To achieve the machine-readability in the ASME Materials Properties Database, the following approach should be taken in the database construction. Based on the schema design, the database is constructed using various virtual containers such as compartments and record templates with attributes each of a specific purpose and software functionalities. Then, data packages are analyzed to break down to the Lowest Information Element Level and the resulting information elements are uploaded into corresponding attribute virtual containers, which are already organized by the schema design to be consistent with human cognitive processes. Since the virtual containers are electronically functional, the uploaded data can be individually and collectively processed using the built-in functionalities and software tools of the database management system, which enables control and manipulation of every information element. Operations, such as data extraction, reformatting, mathematical calculation, logical operation, etc., can be conveniently conducted. Automated data exchanges between the database and external databases or simulation software can also be enabled through custom APIs.
6 Path Forward
To modernize the materials data for the Codes and Standards to flourish in the AI era, the ASME Materials Properties Database must keep steadily advancing in areas including the database structure, system functionalities, and data amassment to fully achieve three objectives and reach a final goal [4].

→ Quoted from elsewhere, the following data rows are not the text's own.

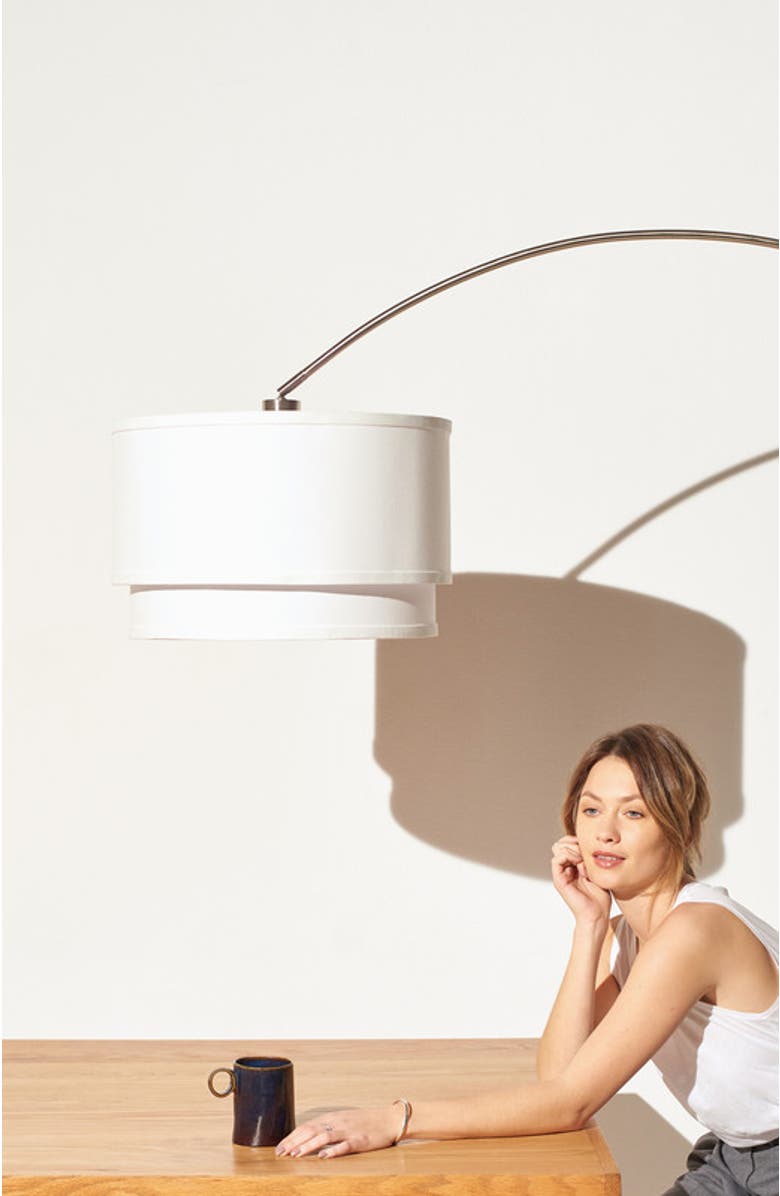 Brightech Mason 81" LED Arc Floor Lamp with Heavy-Weighted Marble Base, Alternate, color, Metallic Silver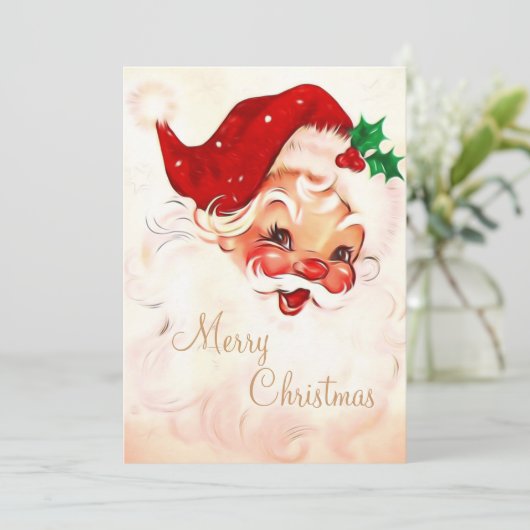 Kerstman vintage 4 kaart (Staand voorkant)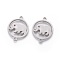 Tarnish Resistant 201 Stainless Steel Links, Manual Polishing, Ring with Elephant, Stainless Steel Color, 20x16x1.5mm, Hole: 1.5mm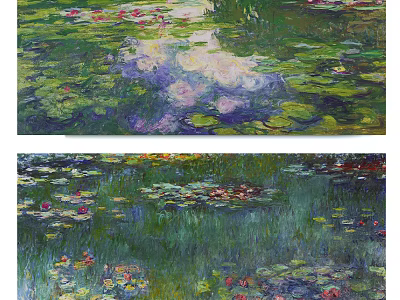 Oil Painting of Water Lilies with Green Leaves Pink Flowers and Reflective Pond Surface 3d model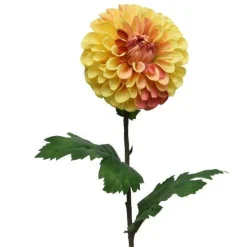 Everlands Kunstplanten En Kunstbloemen<Dahlia op steel geel 75 cm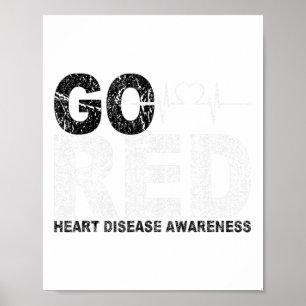 Draag Rode Dag Go Red Gezegde Heart Disease Awaren Poster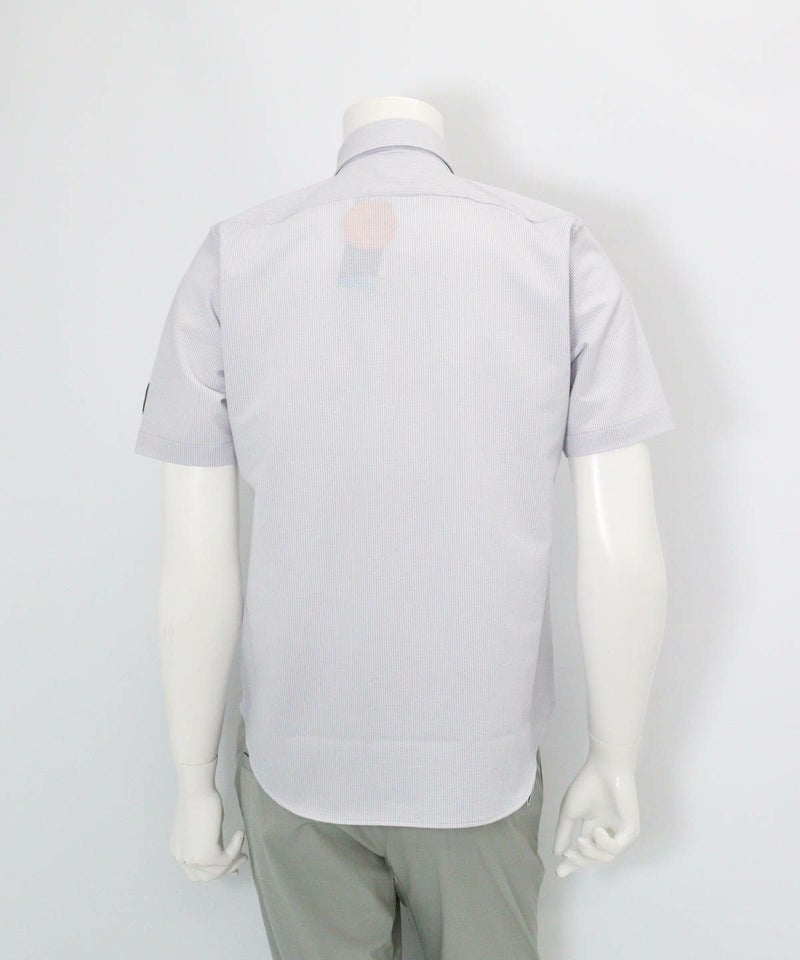 【メンズ】UV速乾サッカーストライプシャツ後（ブルー）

6.1 Three Objectives and the Final Goal.
On the path forward, the database development will continue to strive for the final goal of streamlining the Codes and Standards development from the initial inquiry throughout data submission, analysis, rule development, …, to the eventual Codes and Standards publication through the following three major objectives.

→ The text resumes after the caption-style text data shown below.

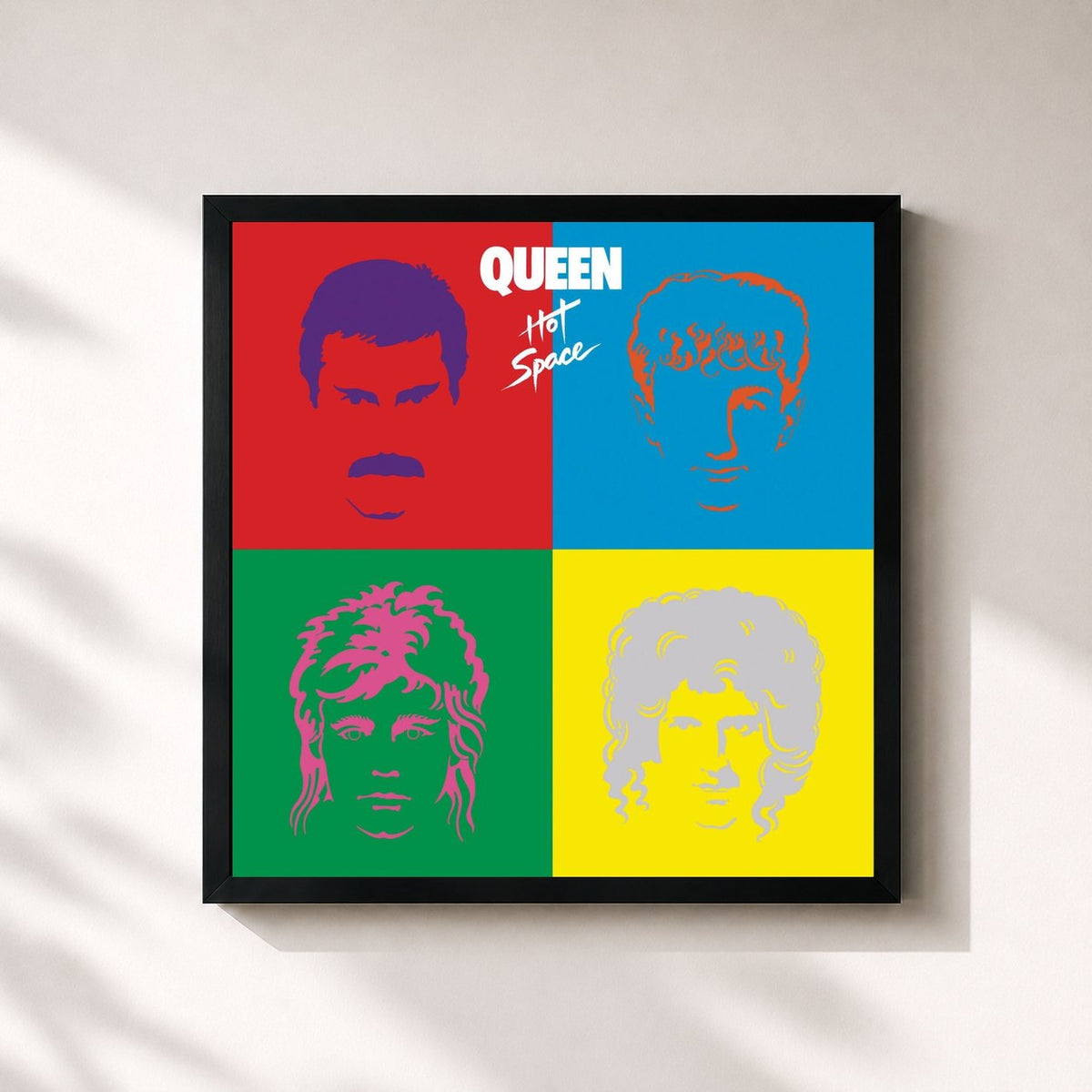 #noir Tableau carré de l'album Hot Space de Queen, cadre noir 32x32 cm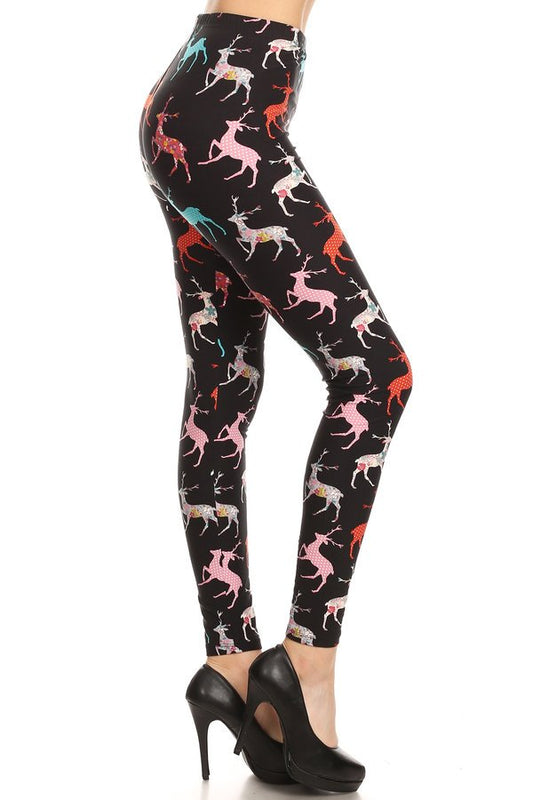 REINDEER Print Brushed BUTTER SOFT Leggings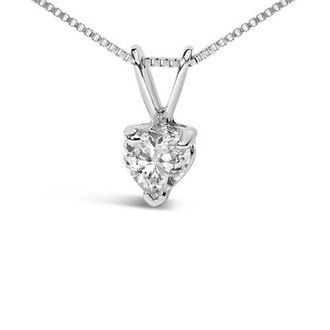 House of Brilliance 14K White Gold 1/4 Cttw 3-Prong Set Heart Shaped Solitaire Lab Grown Diamond 18 Pendant Necklace at Nordstrom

Preserve Codes and Standards development documents, materials data, metadata, and all necessary background information
Track interrelationships among the documents, materials data, metadata, and all necessary background information
Provide resources for data processing and analysis
Currently objective 1 is covered by the following eight compartments and more will be constructed as needs and requirements are identified in future Codes and Standards development:
ASME Records
Data Package/Metallic Materials
Pedigree/Metallic Materials
Test Data/Creep
Test Data/Tensile
Permit and Restriction
BPVC Section II Part D/PDF
References
Objective 2 is achieved by adequate arrangement of associated information elements to relational locations in the database and a network of hyperlinks. As the Data Analysis compartment demo shows in Fig. 1, the ASME Record document Cu-Zn-Pb_99-391_200012 is downloadable from attribute Related ASME Record under the database record heading of GENERAL INFORMATION. Its associated information elements are preserved under various headings with their respective attribute names and relative locations indicating their interrelationships. Whenever the locational arrangement is not effective or impossible, hyperlinks are created to connect related information elements. As the database grows in the future, more relational records and hyperlinks will be created.

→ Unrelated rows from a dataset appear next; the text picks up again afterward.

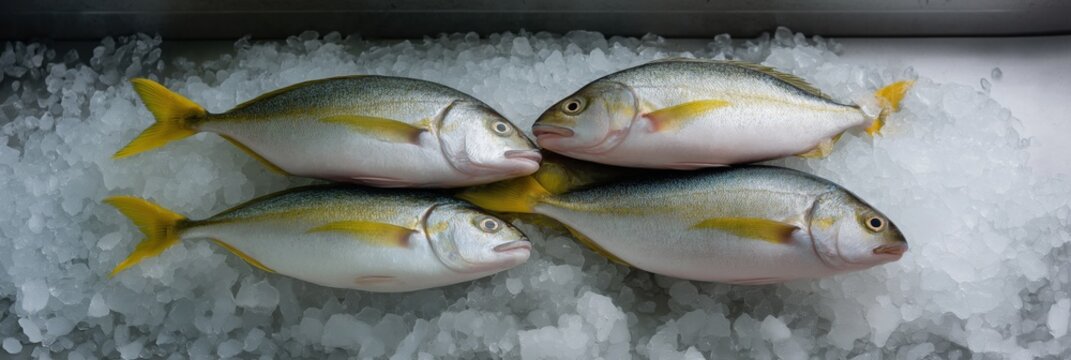 Fresh yellowtail fish on ice display in seafood market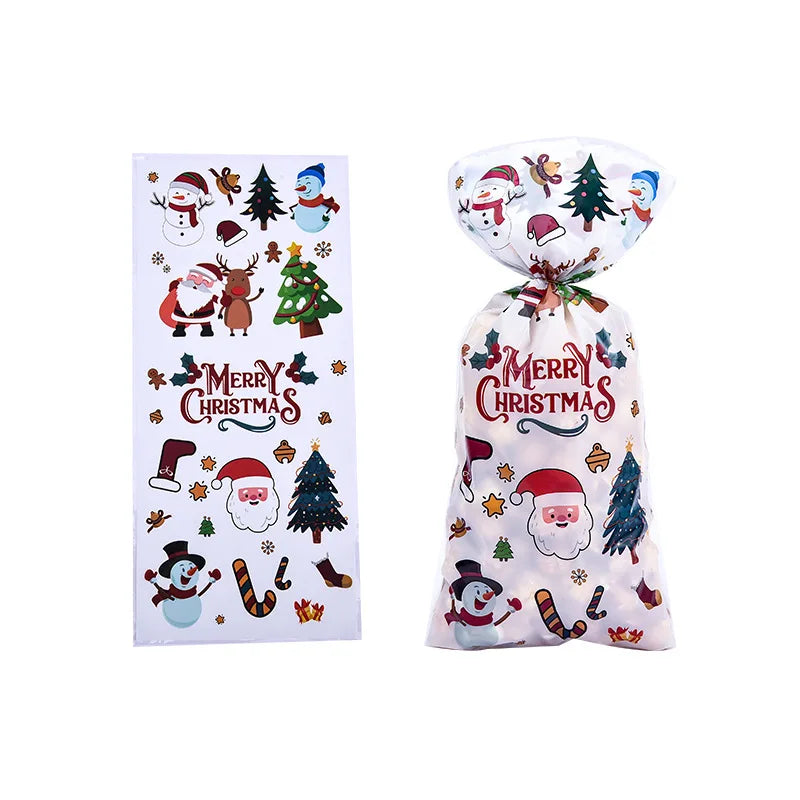 50/100PCS Christmas Candy Wrapping Bags Father Xmas Bags Biscuits Cookies Snacks Baking Bags Navidad Snowflake Elk Gift Bags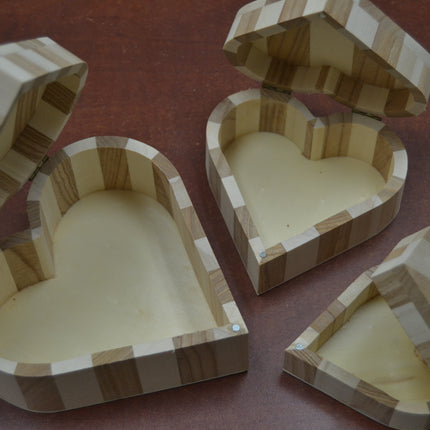 3 Pcs Set Handmade Heart Wood Storage Wood Boxes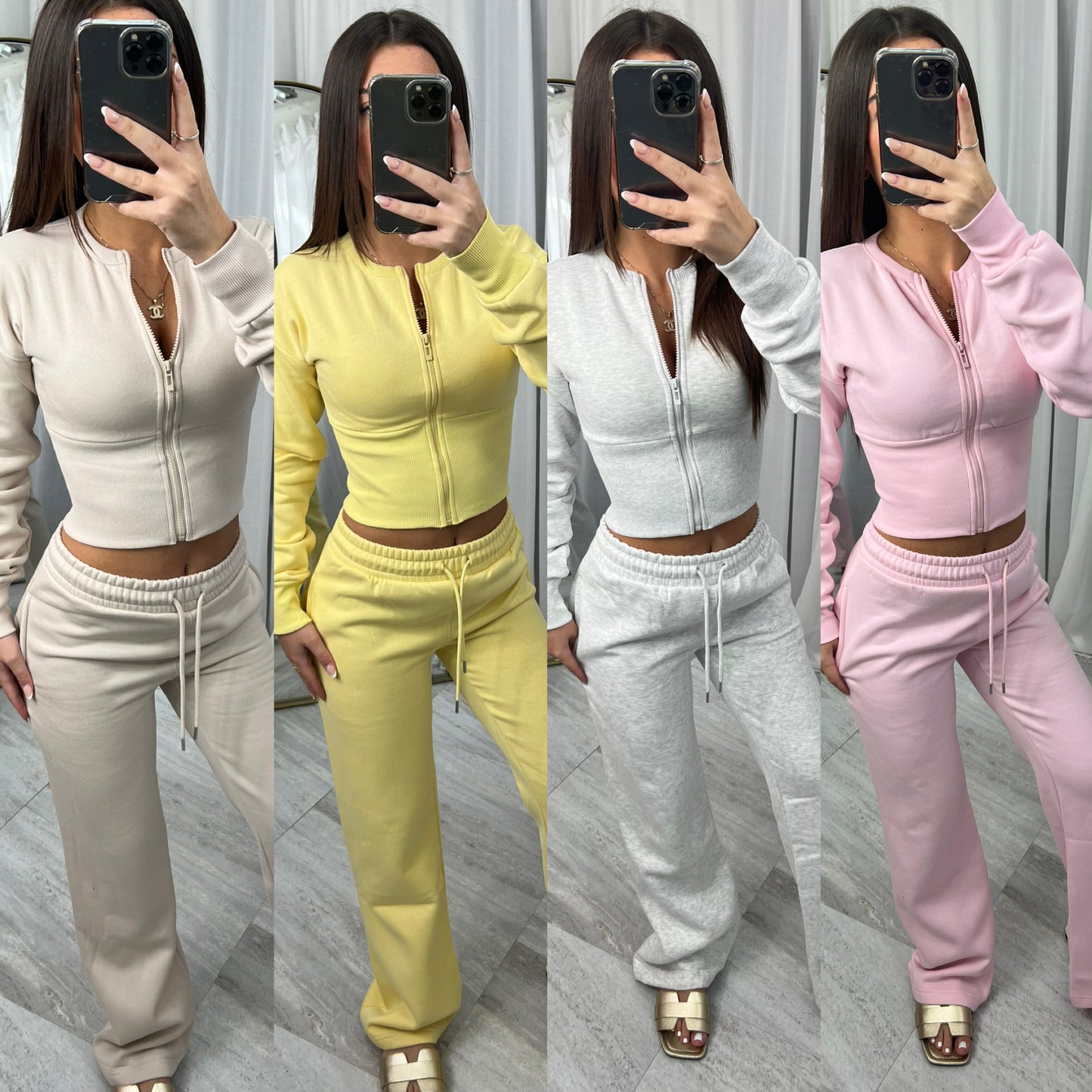 Wide leg zipped tracksuit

Objective 3 is currently being reached for by the following five compartments. They will be further expanded to meet the emerging needs and requirements in Codes and Standards development and maintenance. New compartments will also be added as needed to make the development and maintenance of the Codes and Standards increasingly efficient.
Operation Instructions
Material Indices
Data Analysis
Software
Terminologies
6.2 Database Structural Development.
At the present time, the following new compartments are under consideration for development.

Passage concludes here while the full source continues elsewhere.